[Dataset excerpts]
-- Opening Marker --

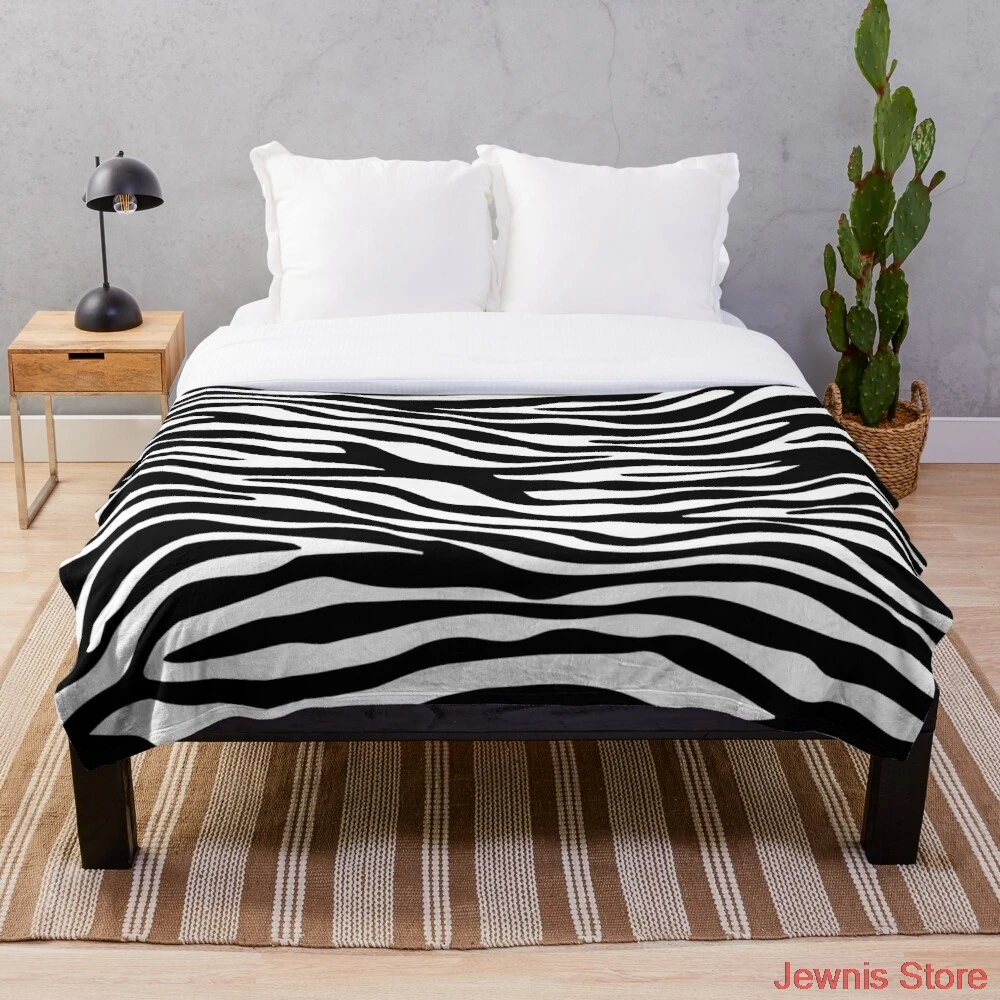 zebra skin Blanket Fleece Art Print Children Warm Bed Throw Blanket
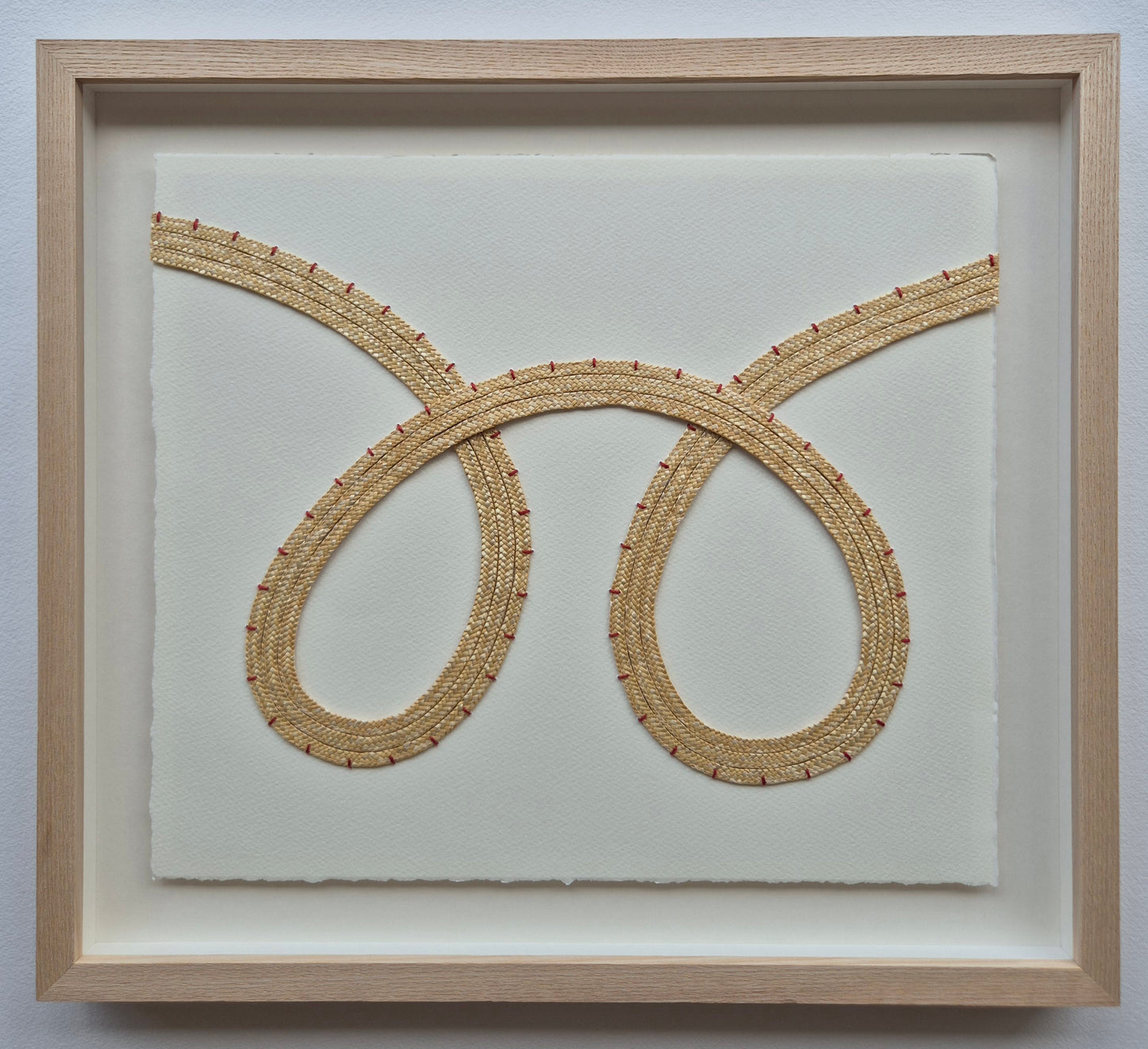 'See' 01 - Sand straw with red embroidery thread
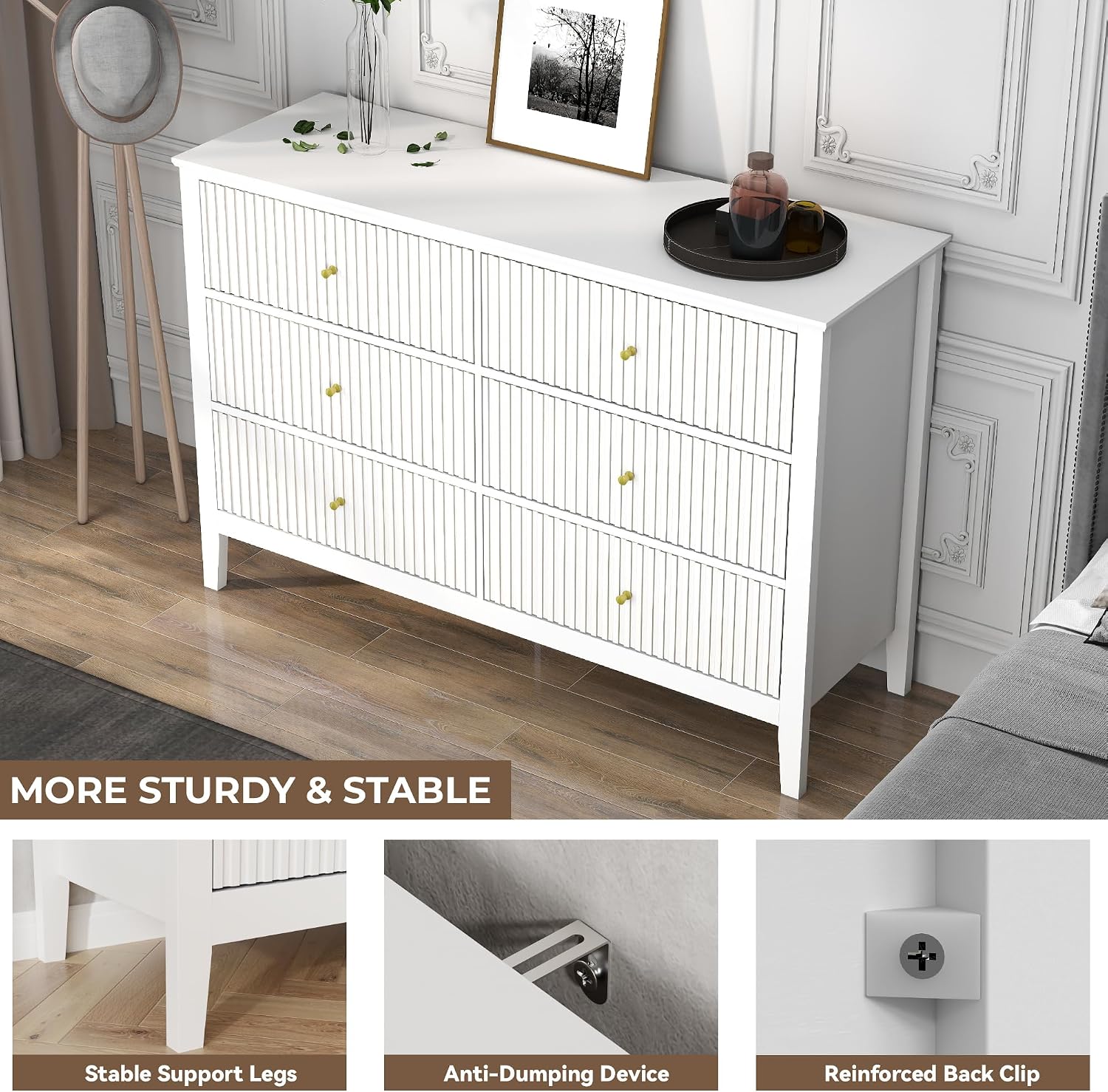 White Dresser for Bedroom, 6 Drawers Fluted Chest of Drawers with Storage, Modern 47'' Wide Dresser with Paint Design, Wood Drawer Organizer Dressers for Entryway, Hallway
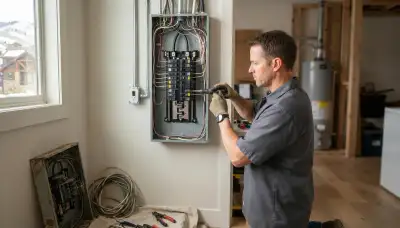 Electrician upgrading an older Salt Lake City, UT home's electrical panel to 200-amp service
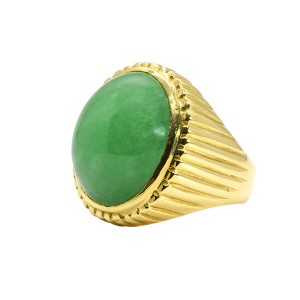 18K Oval Green Jade Ring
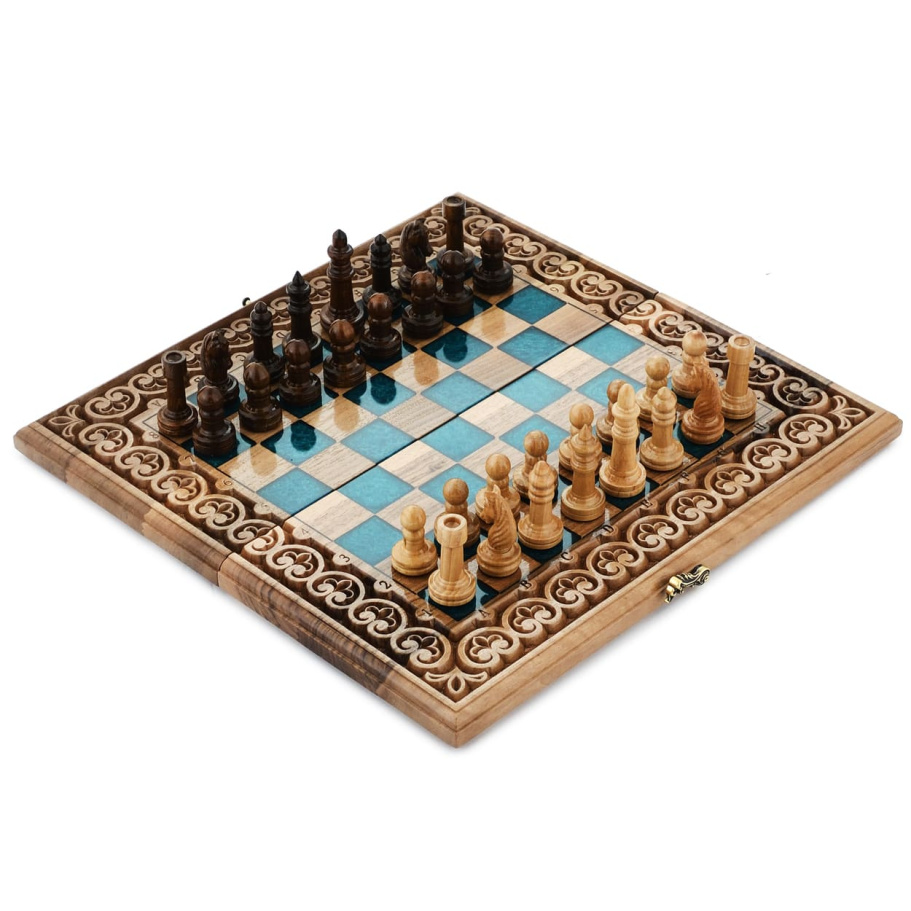 Шахматы + нарды резные "Циркон" 40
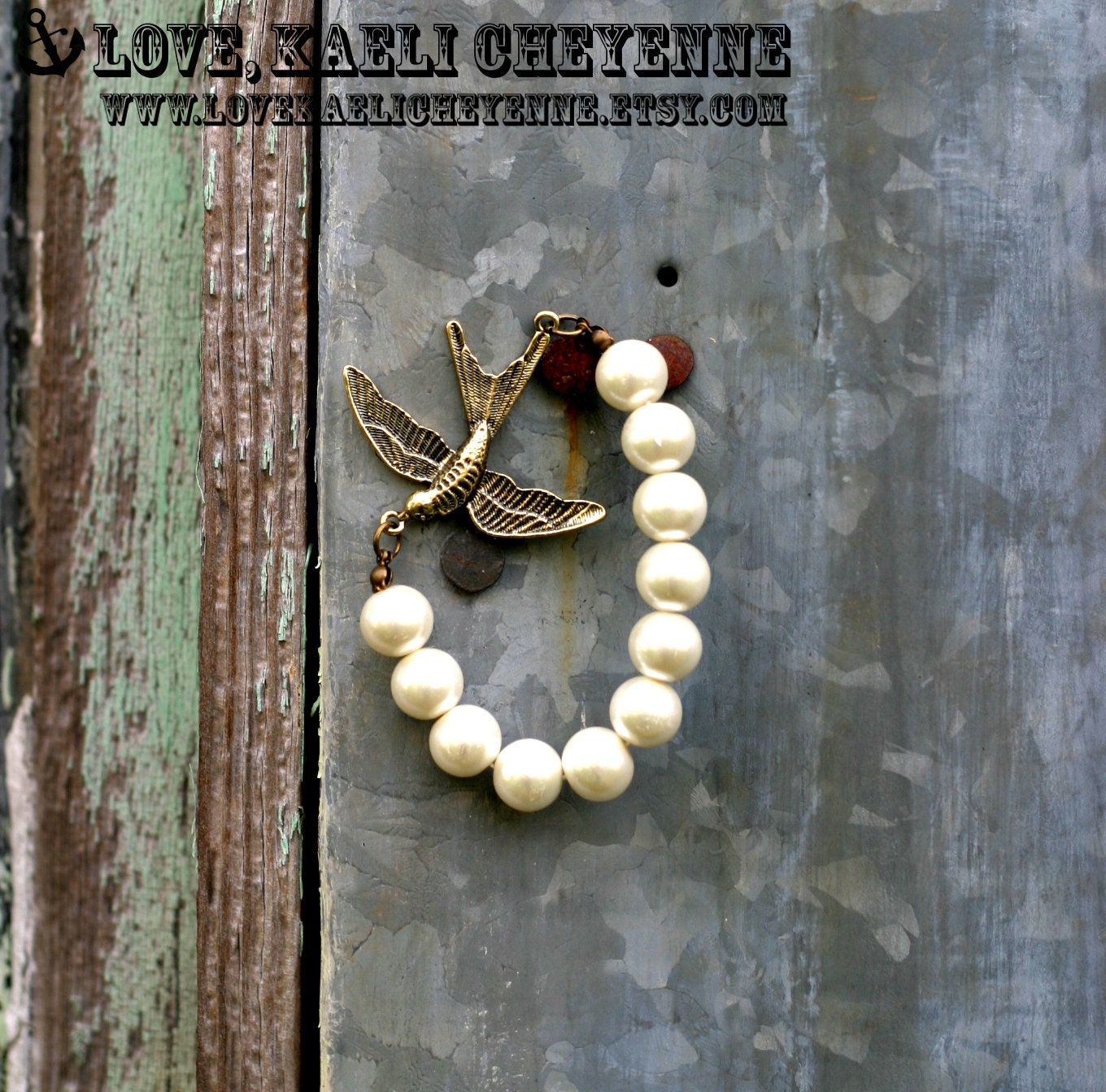 Rustic Tattoo Inspired Pearl Sparrow Bracelet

-- Closing Marker --

> _Assignment_
Only the lines from the one containing "Шахматы + нарды" through the last line of the entries belong in the answer, given again exactly. Images stay out.

> _Response to the task_
 Шахматы + нарды резные "Циркон" 40
 Rustic Tattoo Inspired Pearl Sparrow Bracelet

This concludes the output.